(Beginning of TASK INPUTS)

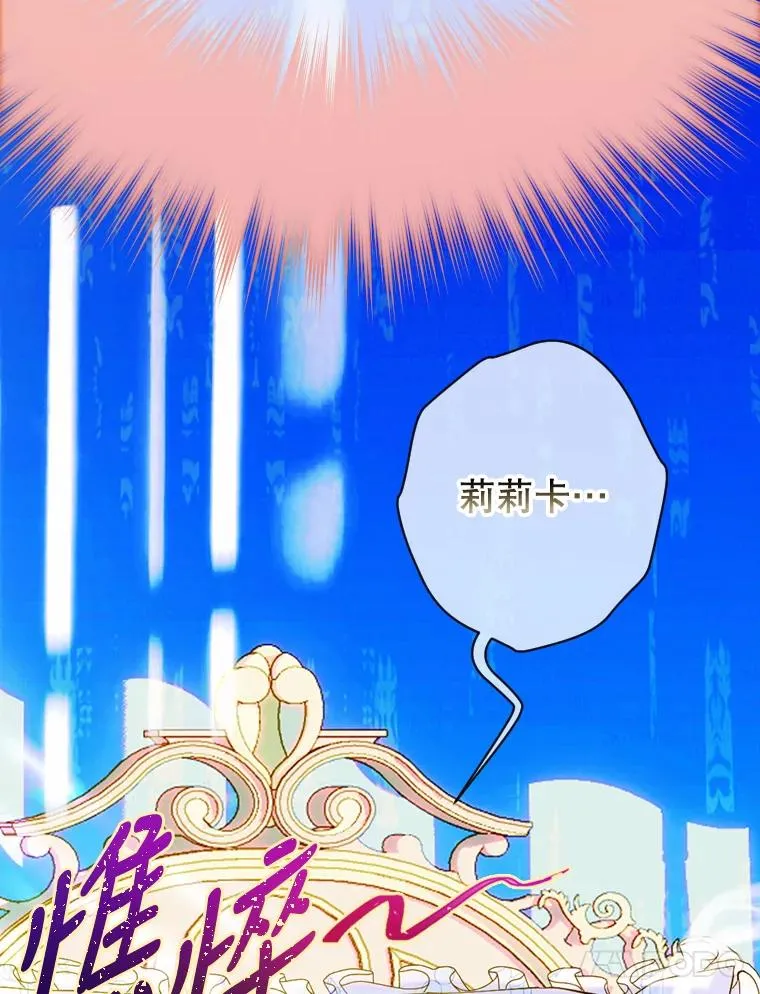 6.成为公主115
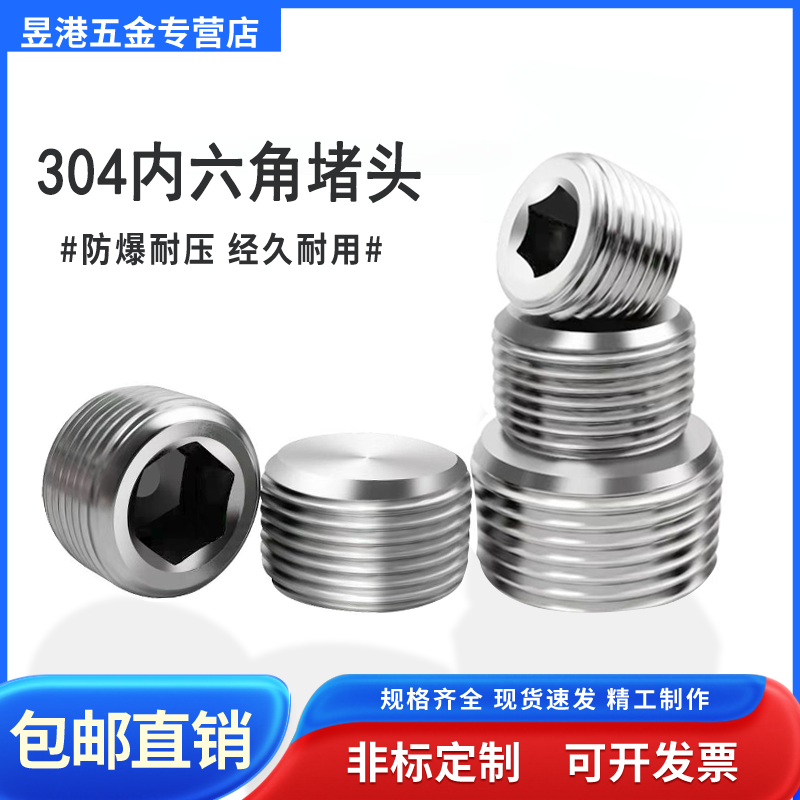 304不锈钢内六角堵头螺纹丝堵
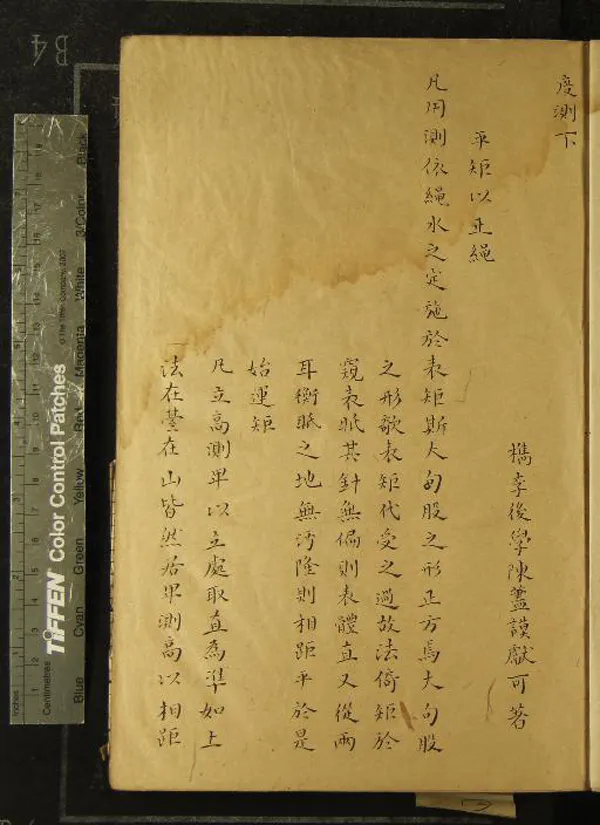 《度測二卷》作者：(清)明陳藎謨著  抄本  PDF下载-汉笺公版书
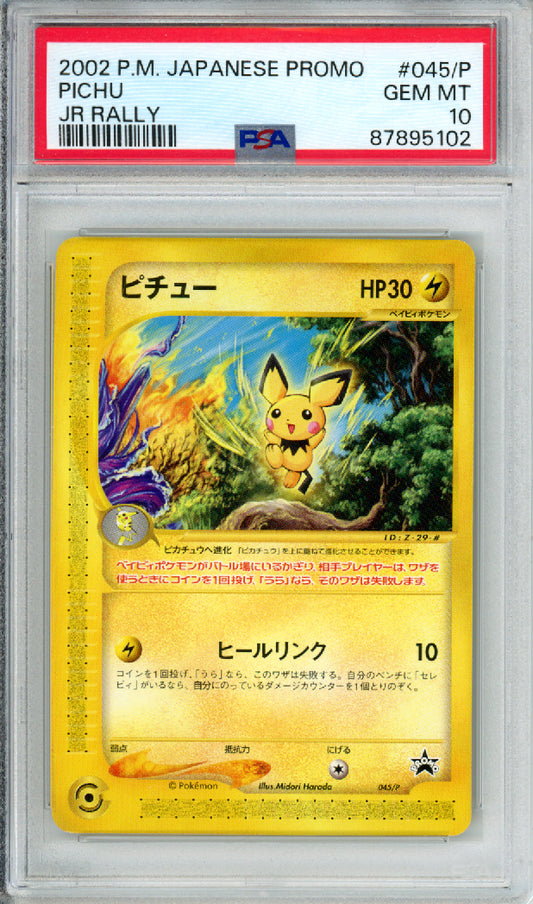 Pichu - 2002 Japanese Promo - JR Rally - #045/P - PSA10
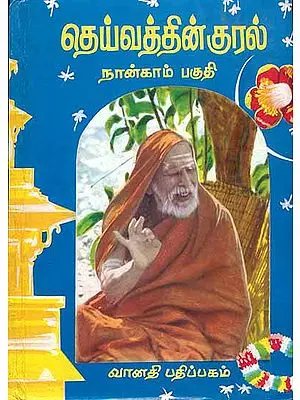 தெய்வத்தின் குரல்: The Voice of The God - Part IV (Tamil)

(End of TASK INPUTS)

WHAT THE TASK ASKS –
Retype the lines exactly. Begin at the one that holds "Pichu - 2002", stop at the last line of the entries above, and drop the pictures.

RESULT –
 Pichu - 2002 Japanese Promo - JR Rally - #045/P - PSA10
 தெய்வத்தின் குரல்: The Voice of The God - Part IV (Tamil)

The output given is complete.